Hacker News new | ask | show | jobs
by canucker2016 582 days ago
from the first Exchange Reply-All email storm, a dev who worked on the Exchange server, https://techcommunity.microsoft.com/blog/exchange/me-too/610...:

    An Exchange email message actually has TWO recipient lists – there’s the recipient list that the user sees in the To: line on their email message. This is called the P2 recipient list. This is the recipient list that the user typed in. There’s also a SECOND recipient list, called the P1 recipient list that contains the list of ACTUAL recipients of the message. The P1 recipient list is totally hidden from the user, it's used by the MTA to route email messages to the correct destination server.

    Internally, the P1 list is kept as the original recipient list, plus all of the users on the destination servers.  As a result, the P1 list is significantly larger than the P2 list.

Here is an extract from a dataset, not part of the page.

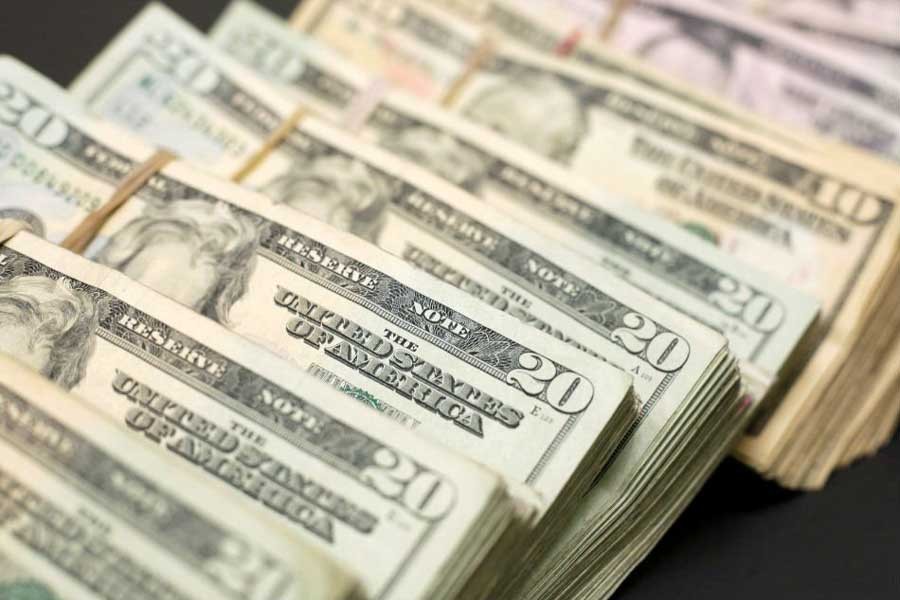 Bundles of banknotes of US Dollar are pictured at a currency exchange shop in Ciudad Juarez, Mexico, January 15, 2018. Reuters/File Photo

    For the sake of argument, let’s assume that 10% of the recipients on each message (130) are on each server. So each message had 100 recipients in the P1 header, plus the original DL. Assuming 100 bytes per recipient email address, this bloats each email message by 13K. And this assumes that there are 0 bytes in the message – just the headers involve 13K.

    So those 15,000,000 email messages collectively consumed 195,000,000,000 bytes of bandwidth. Yes, 195 gigabytes of bandwidth bouncing around between the email servers.

    ...


    So what did we do to fix it? Well, the first thing that we did was to fix the MTA. And we tried to scrub the MTA’s message queues. This helped a lot, but there were still millions of copies of this message floating around the system.

    To prevent anything like this happening in the future, we added a message recipient limit to Exchange – the server now has the ability to enforce a site-wide limit on the number of recipients in a single email message, which neatly prevents this from being a problem in the future.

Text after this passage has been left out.